漫画の賞に応募しながらバイトで食い繋ぐ主人公に対する周囲の対応が凄まじく現実的で、胃がきゅっとなった笑。「どんな漫画描いてんの?(興味ないけど礼儀として聞く)」「不条理ファンタジー劇かな」「えっファンタジーなんだ」「不条理だけどね」本人以外誰も気にしない細部を、本人だけが心の防波堤として大事に守ろうとしてる(「不条理」って言いたいのよね)、けど周囲にとっては本当にどうでもいいことで、だから会話は成り立っても、空気感が噛み合わない。ほかにも、「仕事はどうしてんの?」「ファミレスでバイトしながら漫画描いてる」とかもすんごい好き。「漫画描きながらファミレスでバイトしてる」んじゃなくて、「ファミレスでバイトしながら漫画描いてる」のよね。わかるなあ、その順序で伝えたくなる気持ち笑。世に認められていない漫画描き(もちろん漫画描きに限らず)は、世間から見ればニートないし良くてフリーターなわけで、その微妙なせめぎあいというか、自分は将来ある身なんだ!という主人公の心の叫びが、はんちくクリエイターの自分にはわかりすぎるくらいわかってしまうのでした。

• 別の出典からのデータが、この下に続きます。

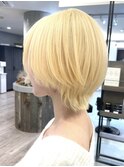 池袋東口ブリーチダブルカラーミルクティーベージュブロンド韓国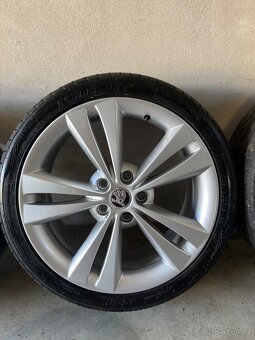 Škoda neptune r18 5x112 225/40 r18 - 3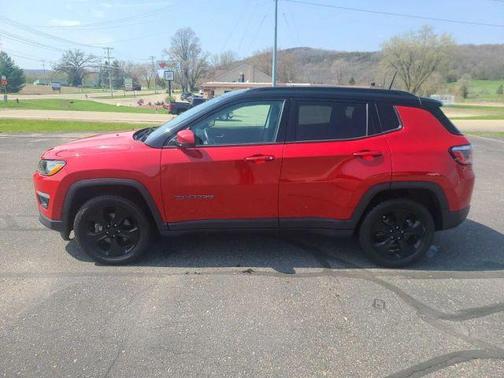 2018 Jeep Compass Latitude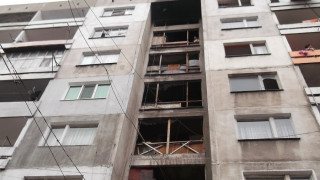 Пожар избухна в асансьор в Пловдив, има ранени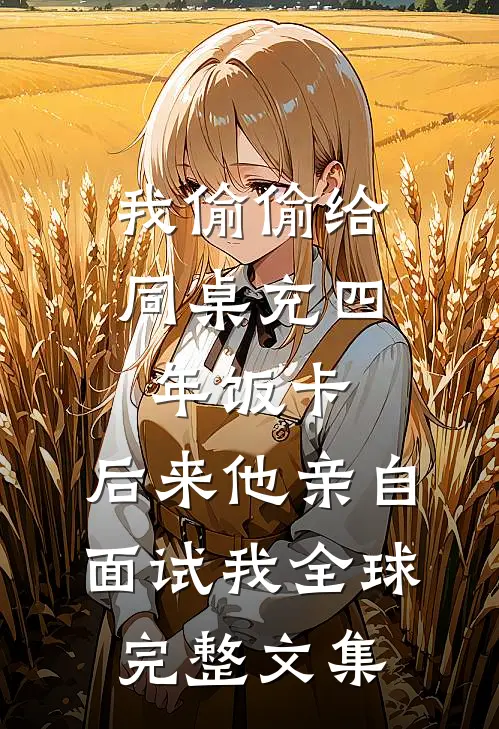 我偷偷给同桌充四年饭卡，后来他亲自面试我全球完整文集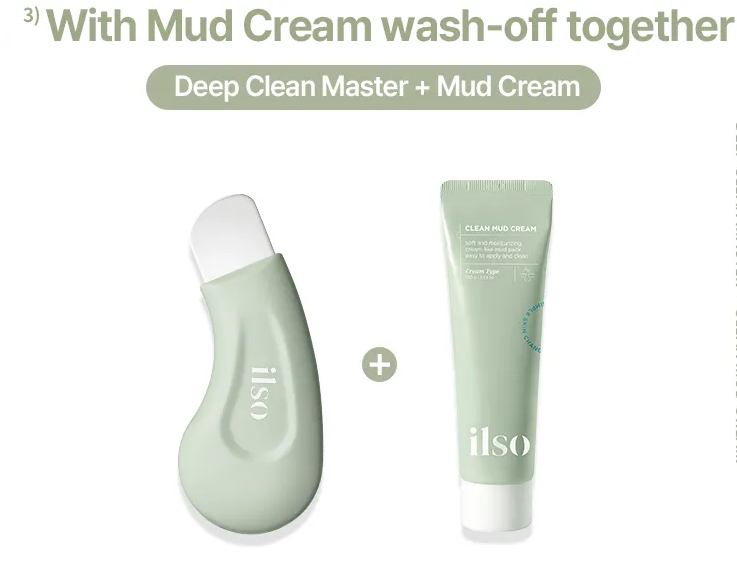 ilso - Deep Clean Master - Outil de nettoyage du visage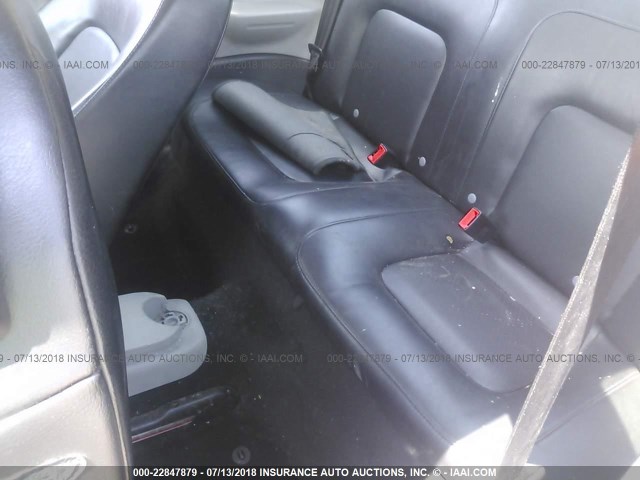 3VWBK31CX5M414420 - 2005 VOLKSWAGEN NEW BEETLE GL 红色 照片 8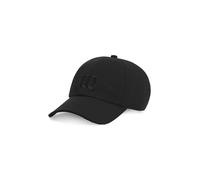 Wilson Active Perforated Cap, Dynamic Hat with a Quick-Dry Band and Structured Crown, with an Airy Design and Adjustable Fit, Colour: Black, Size: LXL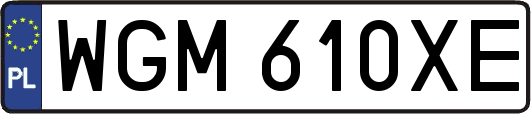 WGM610XE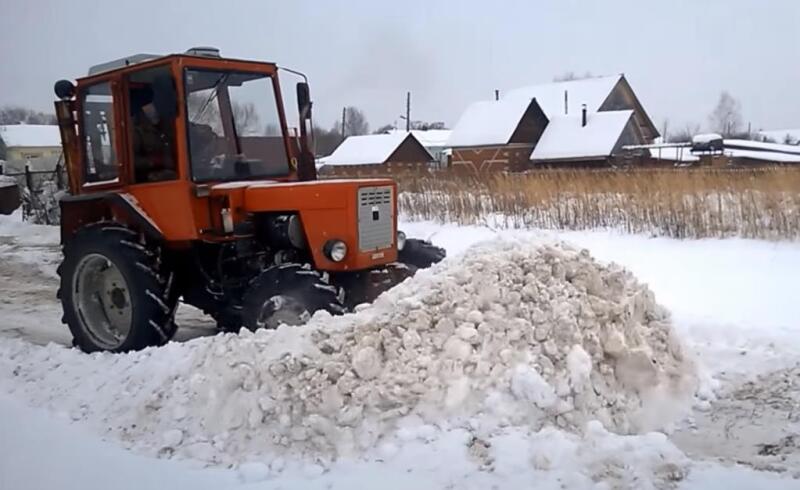 Долгая и успешная карьера Т-25 на полях Советского Союза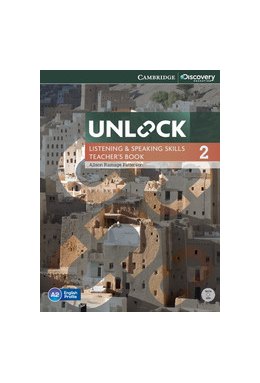 Unlock Level 2, Listening and Speaking Skills, Teacher's Book with DVD
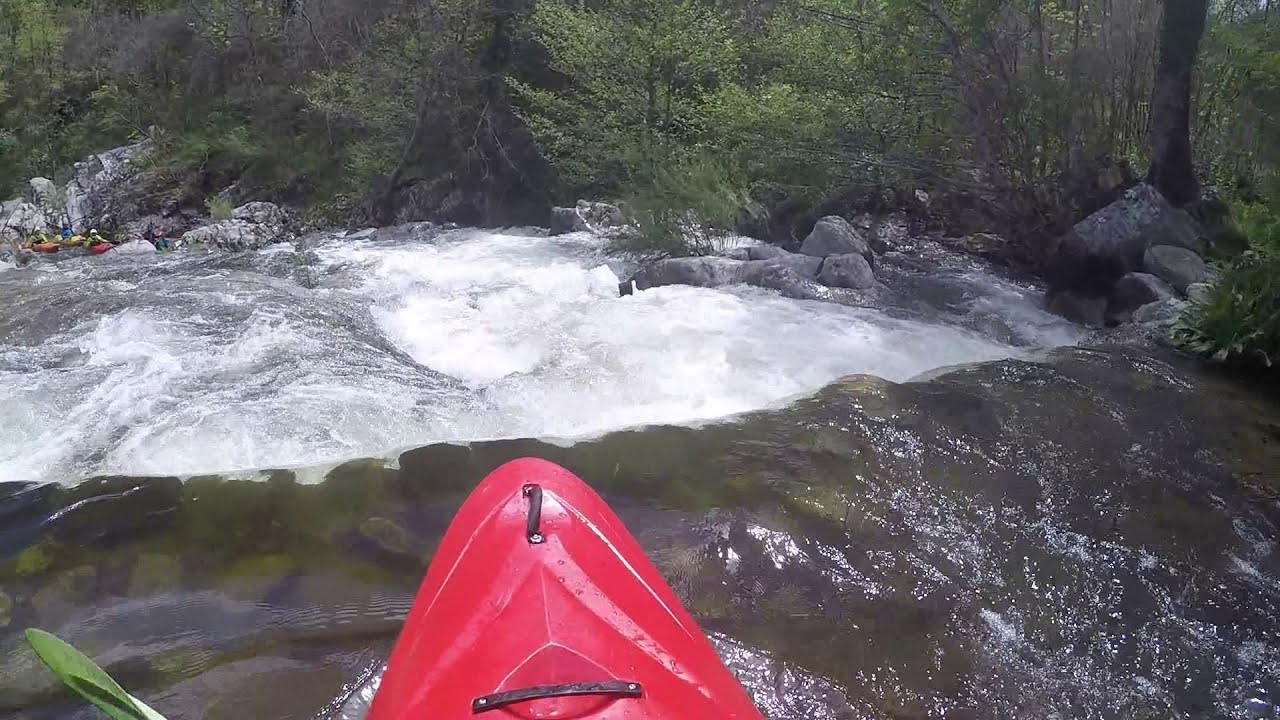 Kayak [ Auzène ] (partie basse) IV-V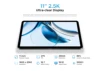 DOOGEE T40 Tablet 11" IPS 2.5K Display 20GB(8+12) 512GB Android 14 Helio G99 8580mAh 18W Charge 7.6mm ultra-thin 3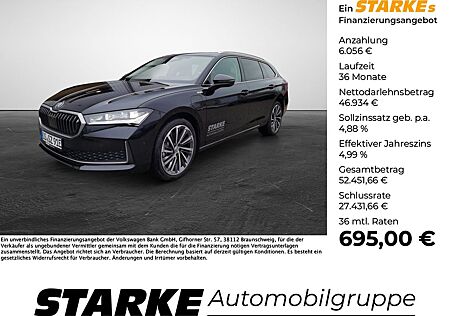 Skoda Superb Combi 1.5 TSI iV DSG L&K HeadUp Panodach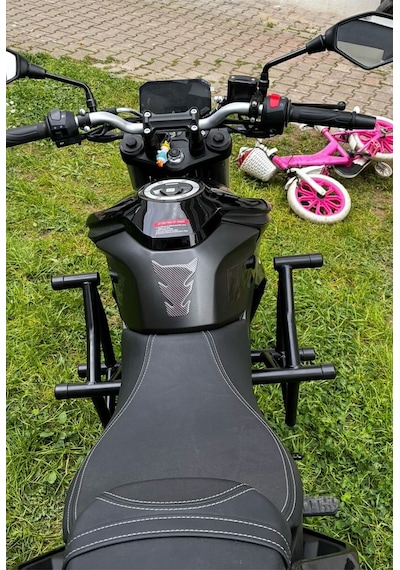 Voge 125r Ön Koruma Demiri Siyah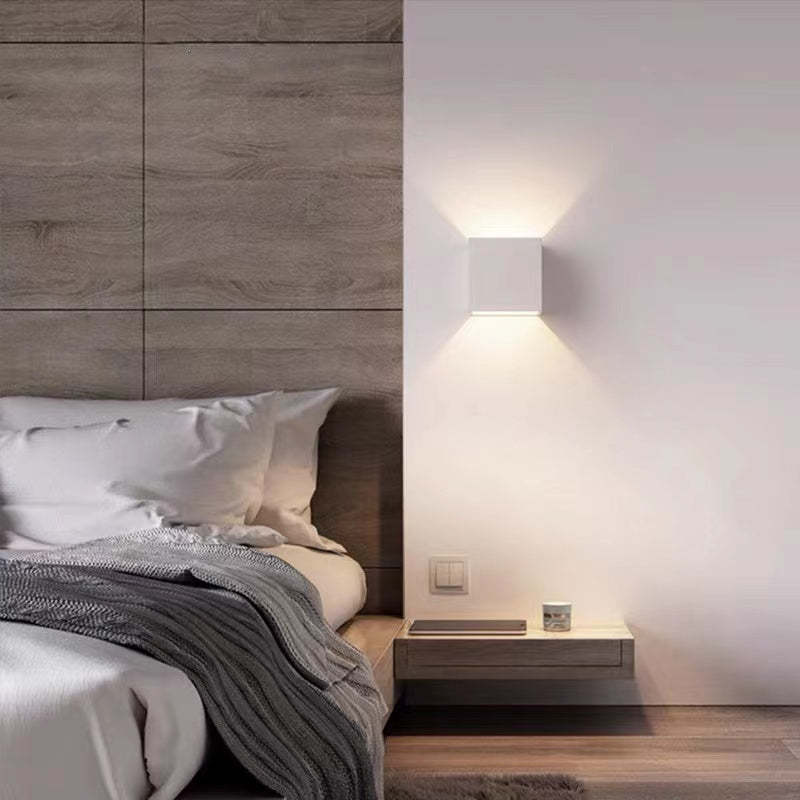 Nexu Modern Adjustable Square Outdoor Wall Lamp LED - Image 7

しかしこの映画が本当に素晴らしいのは、後半以降、夜中に一人で見るのが怖いくらい真剣にホラー映画なこと。そこそこにはホラー慣れていると思っていた私でも夜中に再生を止めてしまった。亡くなったヒロインが鼻歌歌いながら瞬間移動で近づいてくるシーン、文章にするとお馬鹿っぽいけど、彼女の位置が変わるごとに鼻歌の音量が上下する演出が激怖でした。

フランスの作家ジャン·コクトーが言ったように「流行とは流行遅れになるもののこと」なので、こうした何者にも左右されない我が道をゆく映画は本当に貴重だと思う。「スマホを落としたら殺人鬼が!」みたいなことじゃない映画を作れる作り手は今後とも尊敬し、細々とファンを続けていきたい所存です。それにしても、本作もこの監督もなぜこんなに無名なのか真剣に理解できない。それくらいインパクトの強い一作で、こういう映画を作家がしれっと出てくるなら、Jホラー(もはやこれほどの作品の作り手には窮屈なジャンル分けかもだけど)も安泰だろうなと思う。